**Exercise aim:**
Retype exactly the lines from the one that contains "Side view of" through the end of the listing, both included, but not the pictures.
*** Data records ***
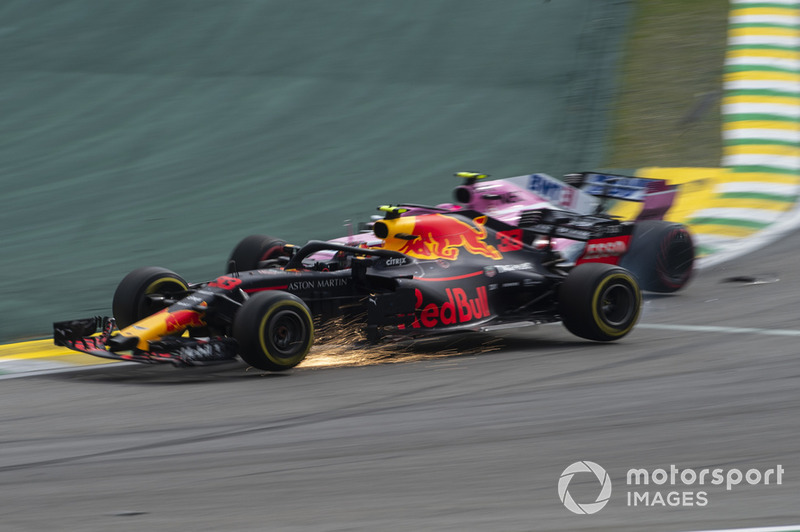 Race leader Max Verstappen, Red Bull Racing RB14 crashes whilst lapping Esteban Ocon, Racing Point Force India VJM11 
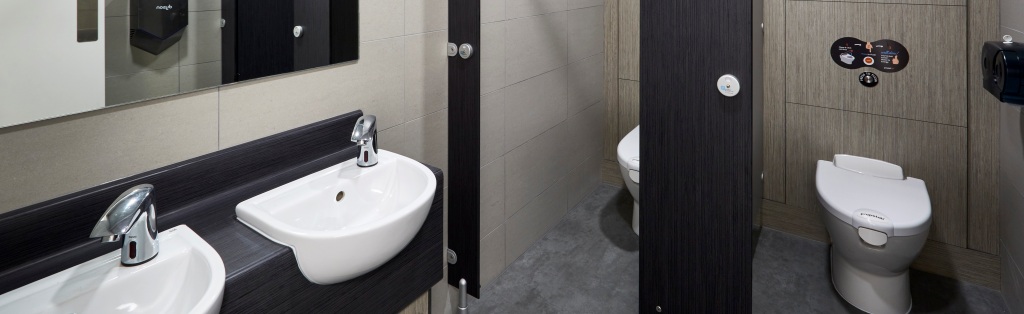 brown and beige toilet cubicles, 2 basins and mirror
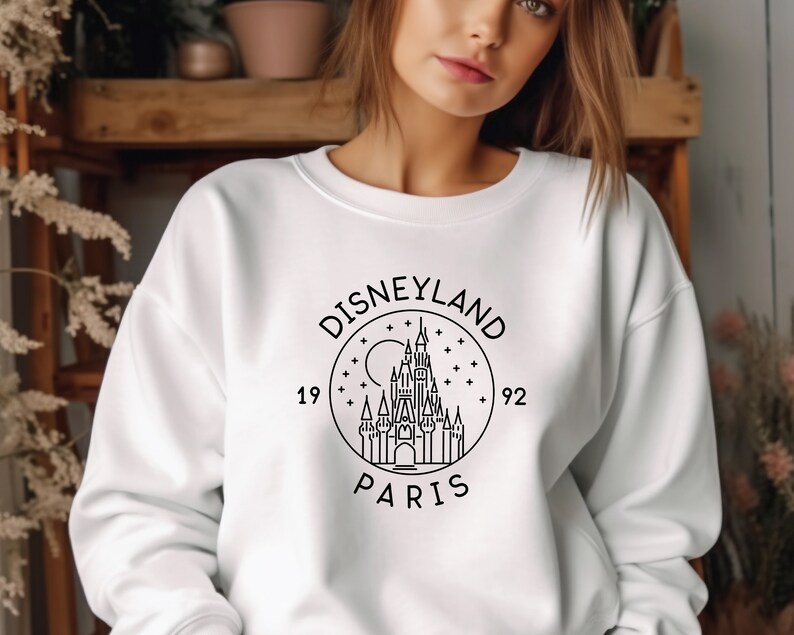 Puede incluir: Sudadera blanca con un gr&aacute;fico negro del logotipo de Disneyland Par&iacute;s, que presenta un dibujo estilizado del castillo de la Bella Durmiente, el texto "DISNEYLAND PARIS" y los a&ntilde;os "1992" y "19".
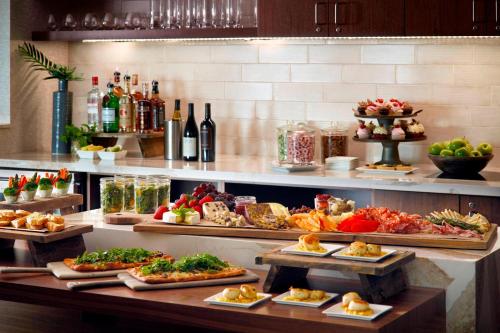 a buffet line with many different types of food at Atlanta Airport Marriott Gateway in Atlanta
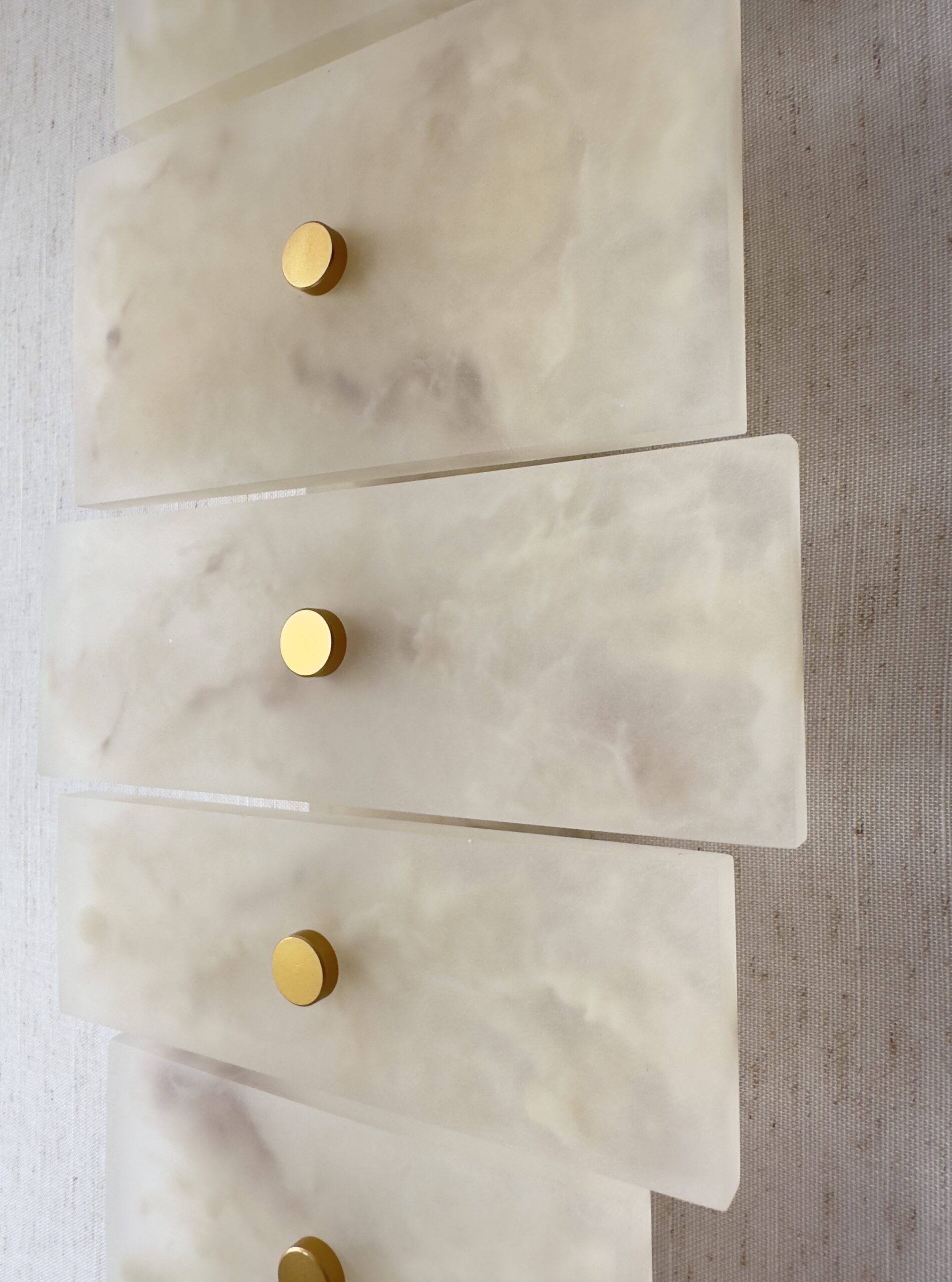 Handmade wireless resin wall sconce with alabaster-inspired finish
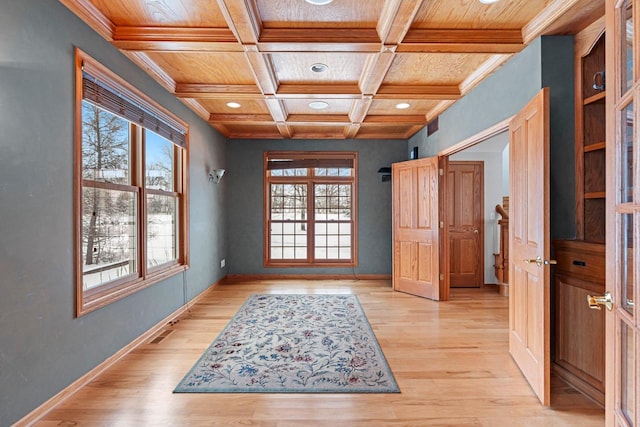 entryway featuring light hardwood / wood-style flooring, a wealth of natural light, coffered ceiling, and beamed ceiling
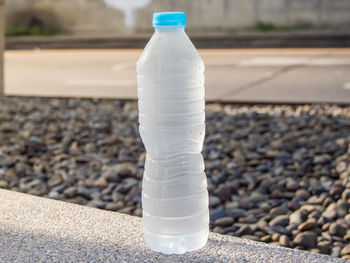 Close-up of white wine bottle on stones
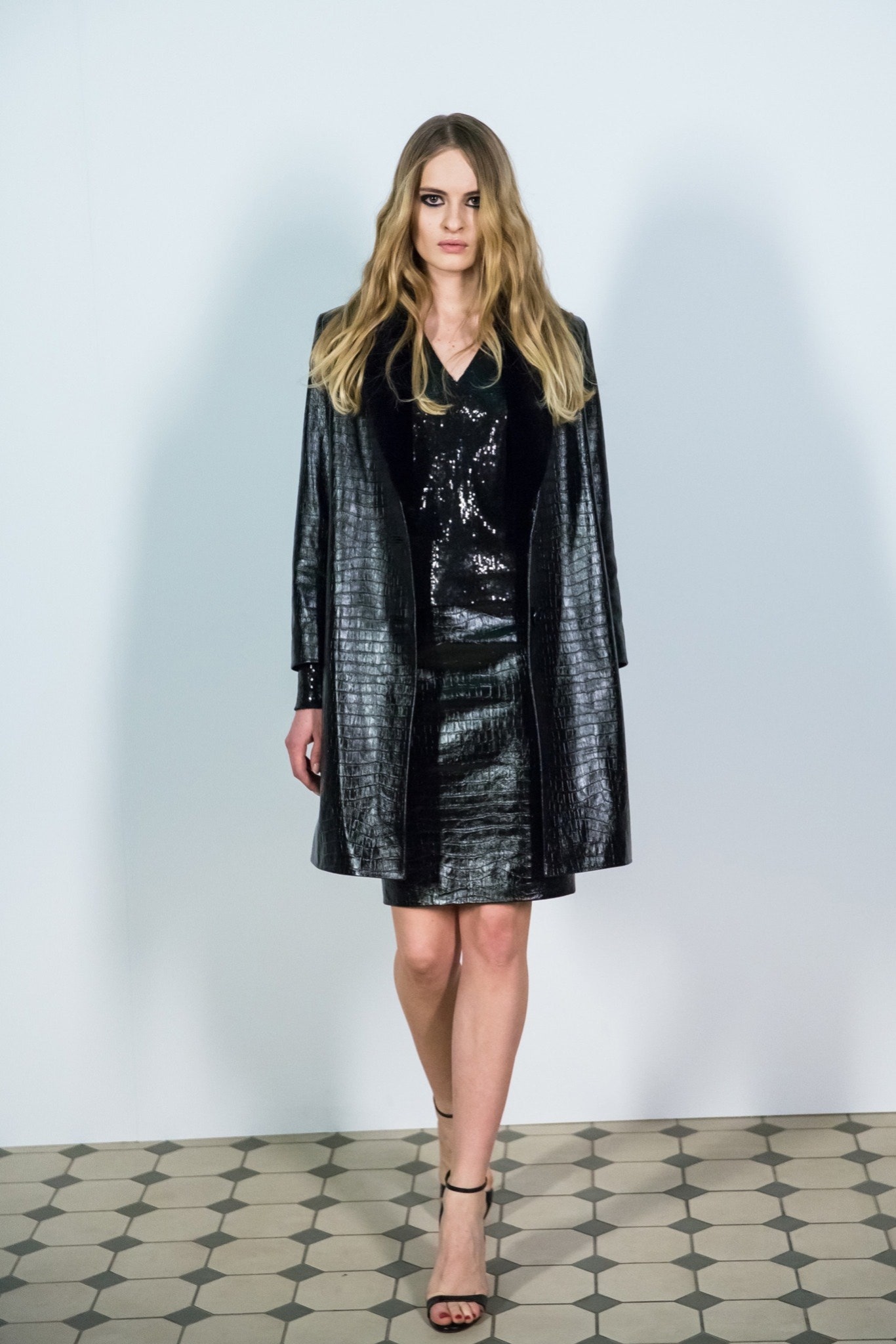 black leather coat and sequin dress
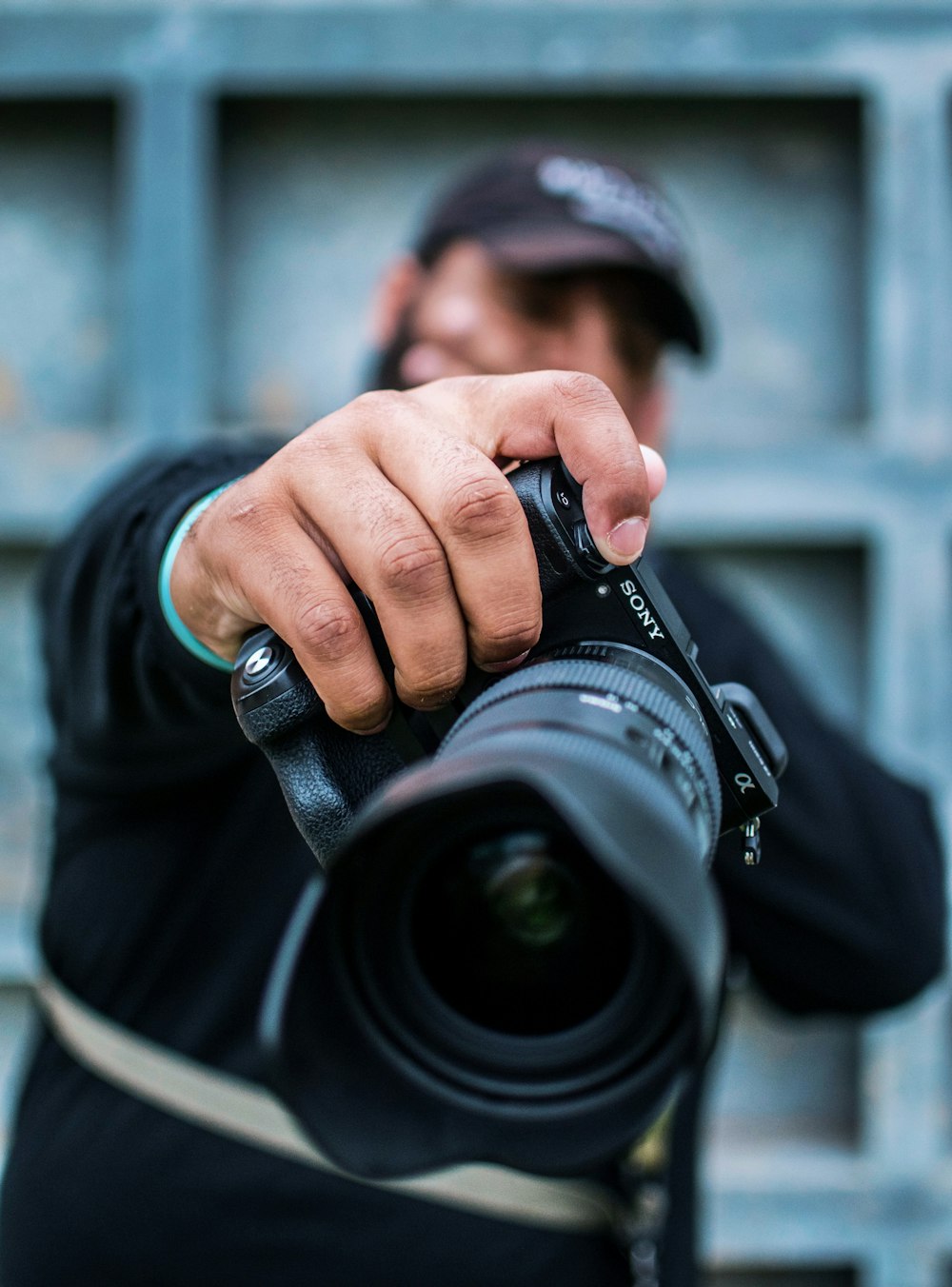 man holding Sony DSLR camera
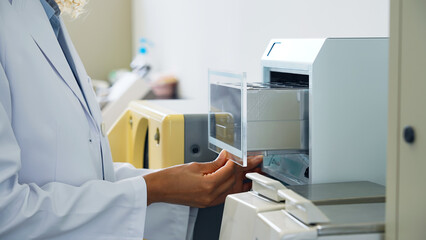 Poster - Group of researcher using experimental equipment.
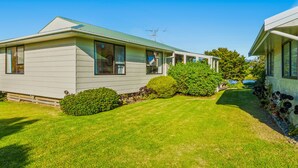 A two-story mobile home with a green roof, a small garden, and a clear blue sky.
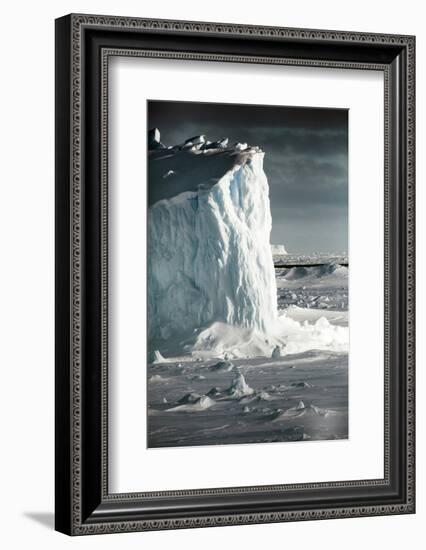 Antarctica. Iceberg at Sunrise Surrounded by Sea Ice-Janet Muir-Framed Photographic Print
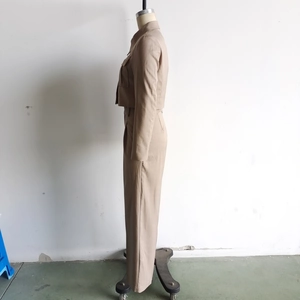 Side view of beige two-piece jacket and trousers set on a mannequin with pocket details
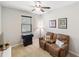 Cozy bedroom featuring a comfortable recliner sofa, neutral tones and a ceiling fan at 2042 Mesic Hammock Way, Venice, FL 34292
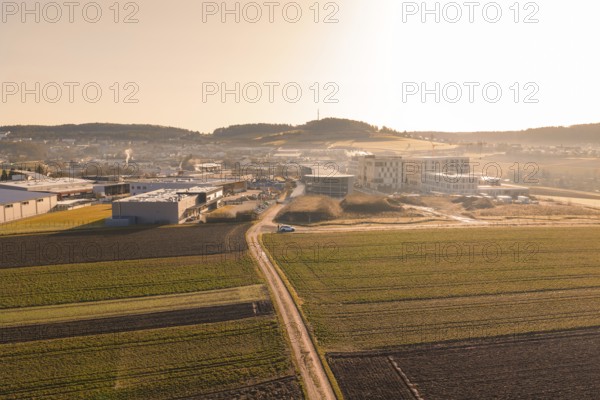 Extensive landscape with fields and buildings captured in low sunlight, new hospital at Calw Health Campus, Calw district, Germany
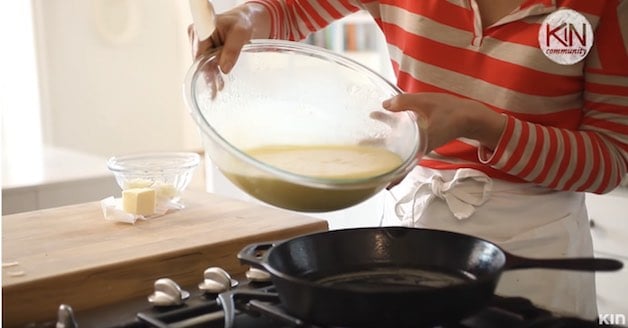 Egg batter being poured into a cast-iron skillet on a stovetop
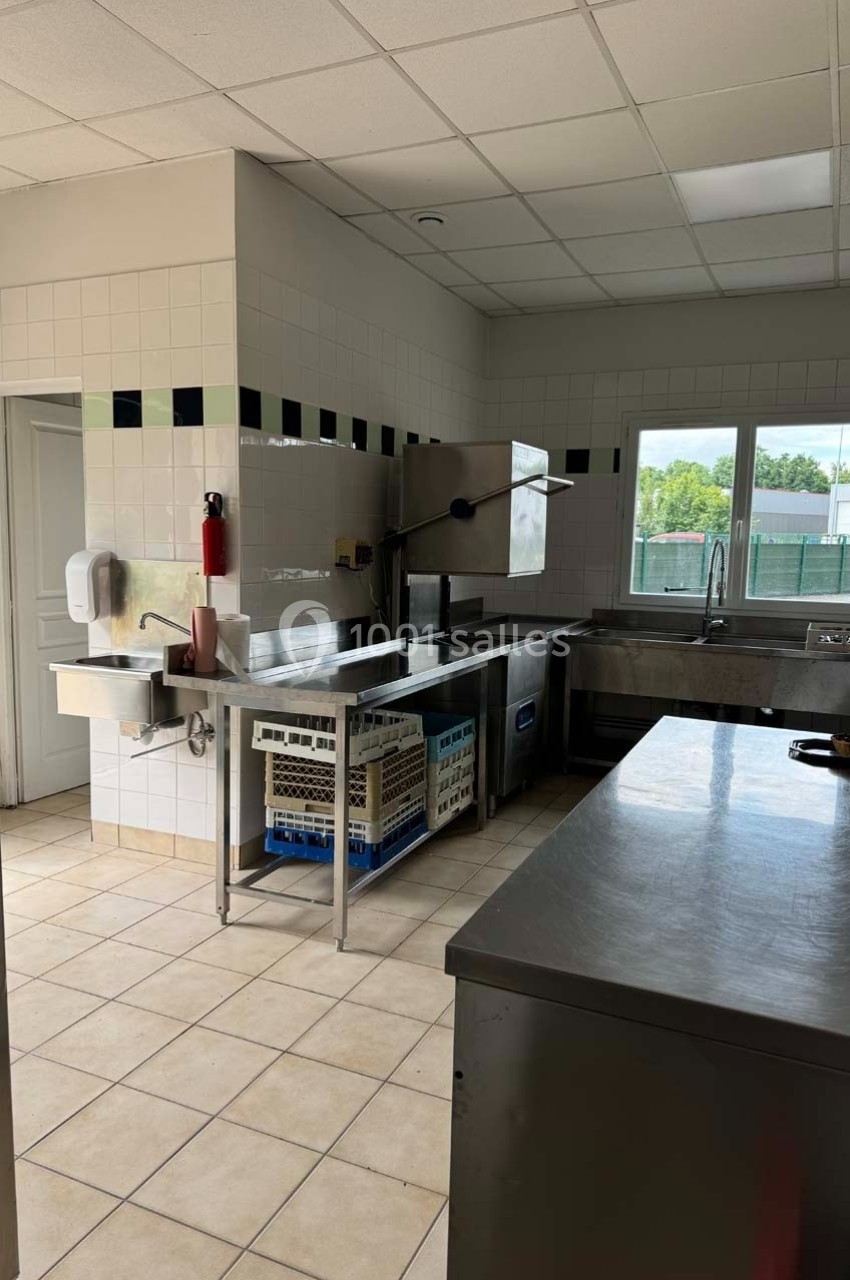 Cuisine professionnelle lumineuse avec évier, lave-vaisselle industriel, plans de travail en inox et carrelage clair.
*** End of Data records ***
**Result of this task:**
 Side view of beige two-piece jacket and trousers set on a mannequin with pocket details
 Cozy bedroom featuring a comfortable recliner sofa, neutral tones and a ceiling fan at 2042 Mesic Hammock Way, Venice, FL 34292
 Extensive landscape with fields and buildings captured in low sunlight, new hospital at Calw Health Campus, Calw district, Germany
 Egg batter being poured into a cast-iron skillet on a stovetop
 Cuisine professionnelle lumineuse avec évier, lave-vaisselle industriel, plans de travail en inox et carrelage clair.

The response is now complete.